| Problem details |
Exactly repeat all the records below, omitting the images they hold.

| Task data |

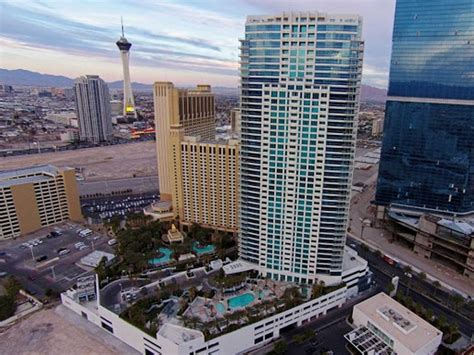 15 Tallest Buildings In Las Vegas Rtf Rethinking The Future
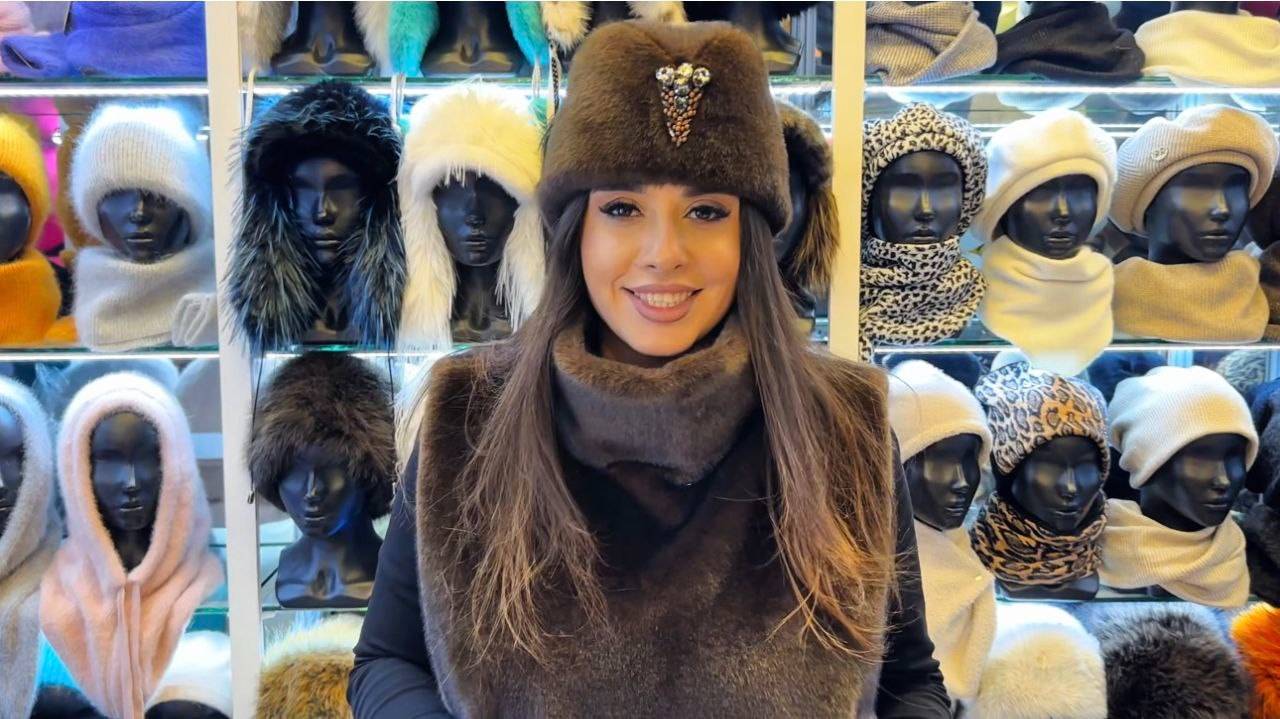 Яркие манишки Капюшоны Шапки и другие головные уборы у Анны смотреть онлайн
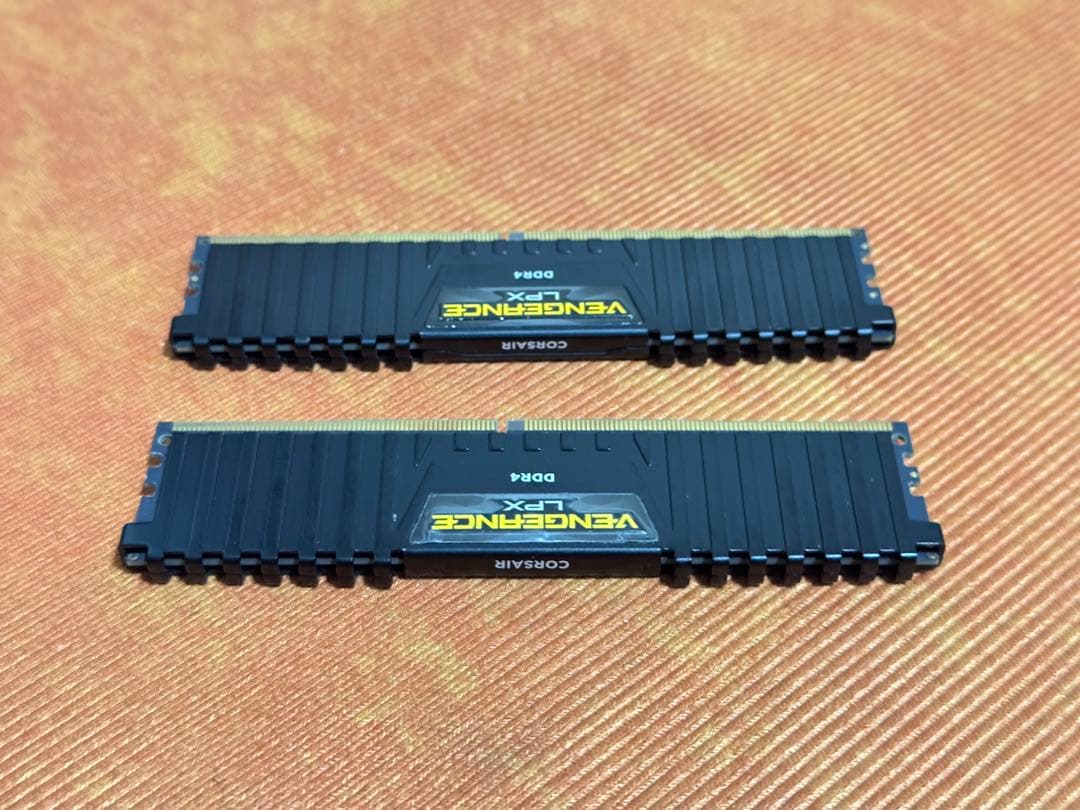 【中古美品】PC メモリ 32GB Corsair Vengeance DDR4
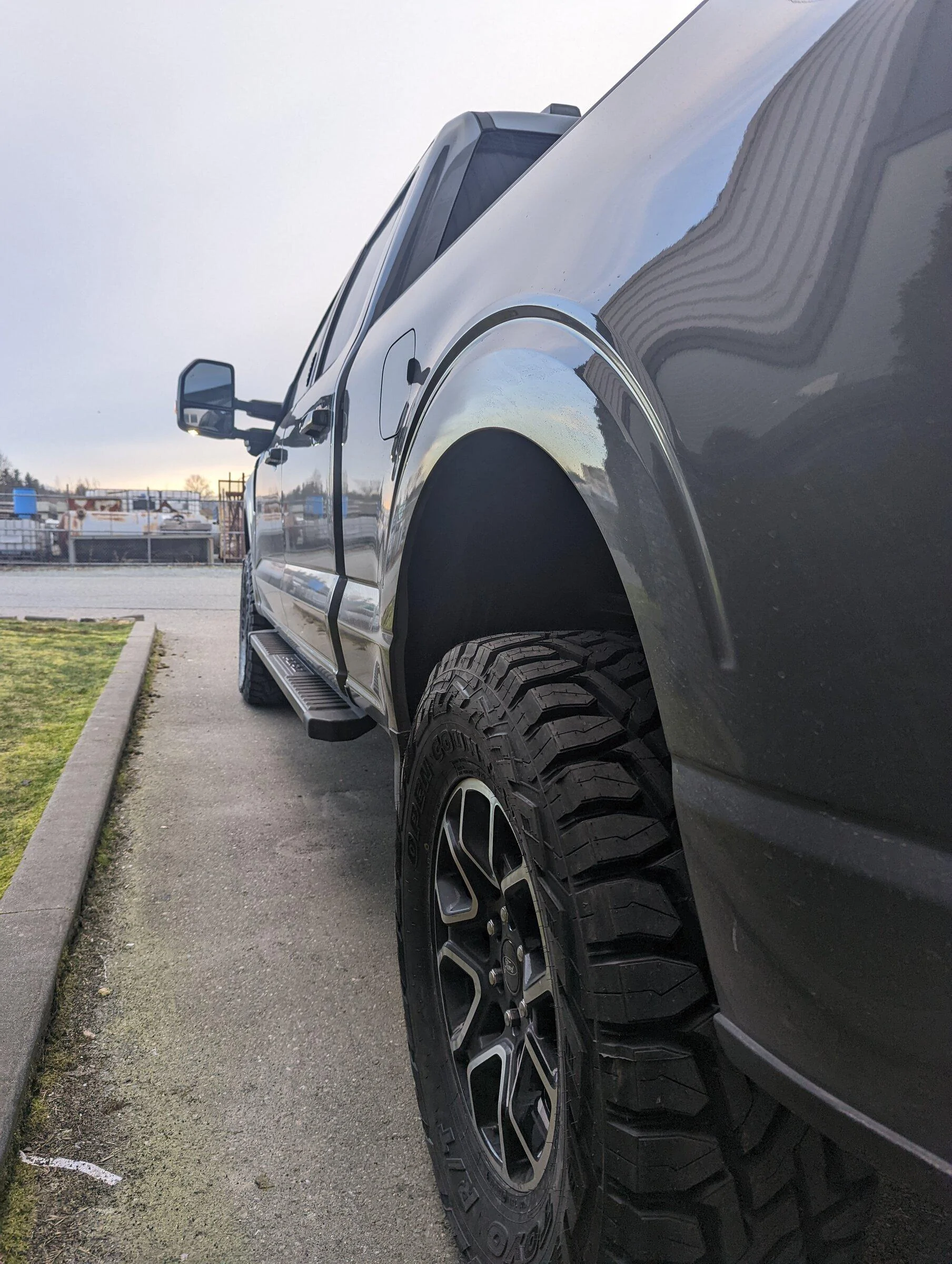 Ford F-150 Lightning 3" Rough Country Lift and 35's PXL_20220310_151312321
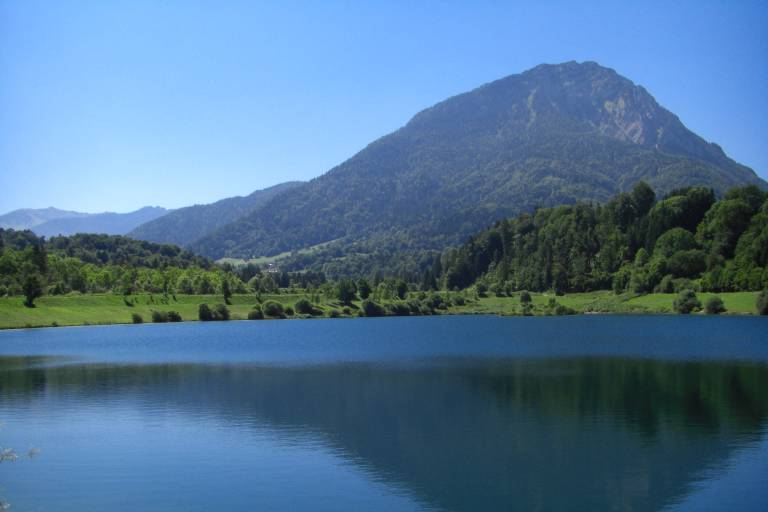 Fishing at Châtelard lake image1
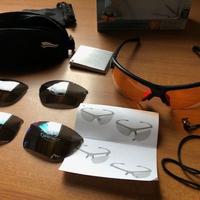 Occhiali da sole più zaino per motociclisti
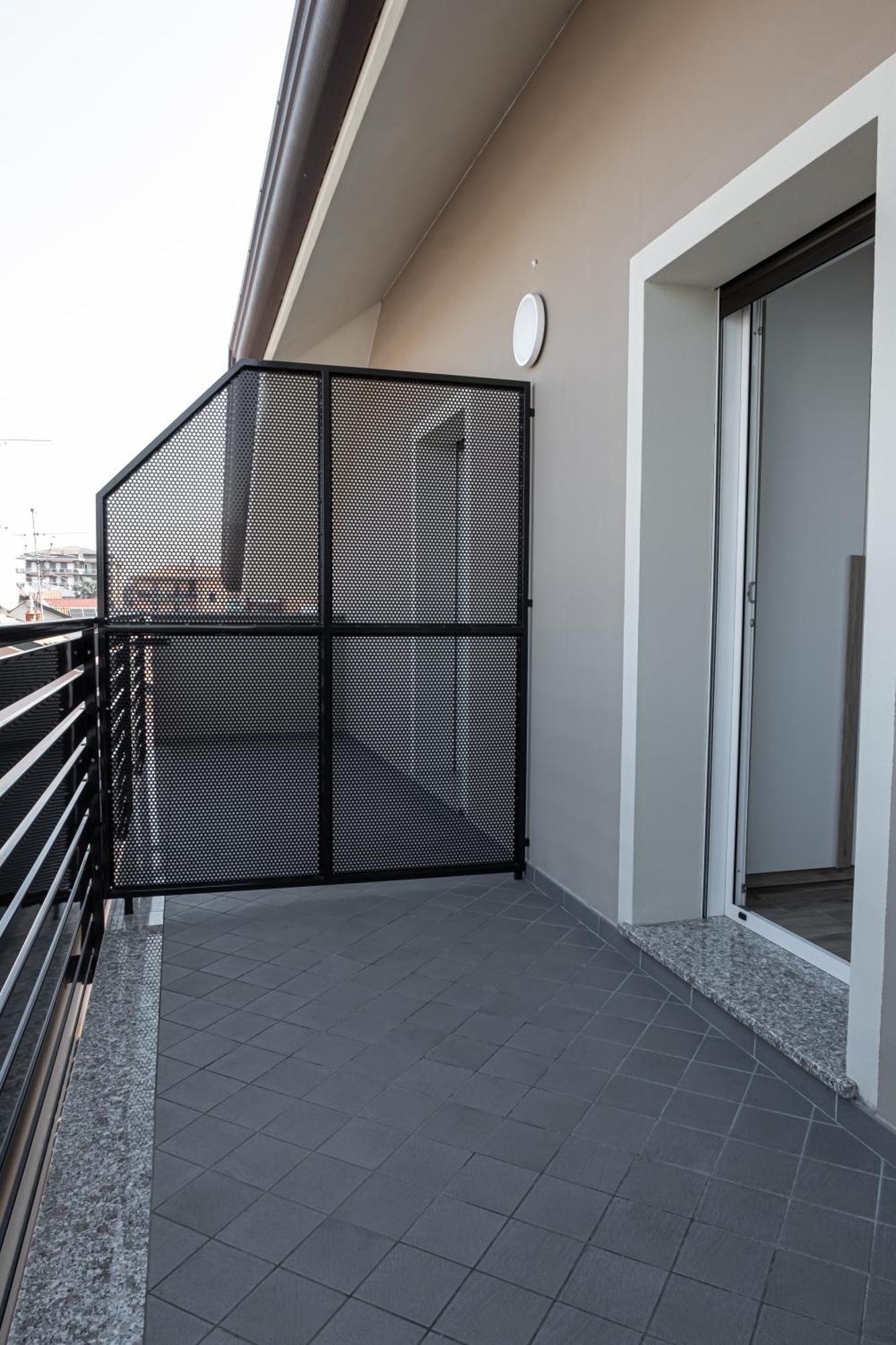 Affittacamere Bar Leo Pregnana Milanese Exterior foto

| Solution |
 15 Tallest Buildings In Las Vegas Rtf Rethinking The Future
 Яркие манишки Капюшоны Шапки и другие головные уборы у Анны смотреть онлайн
 【中古美品】PC メモリ 32GB Corsair Vengeance DDR4
 Ford F-150 Lightning 3" Rough Country Lift and 35's PXL_20220310_151312321
 Fishing at Châtelard lake image1
 Occhiali da sole più zaino per motociclisti
 Affittacamere Bar Leo Pregnana Milanese Exterior foto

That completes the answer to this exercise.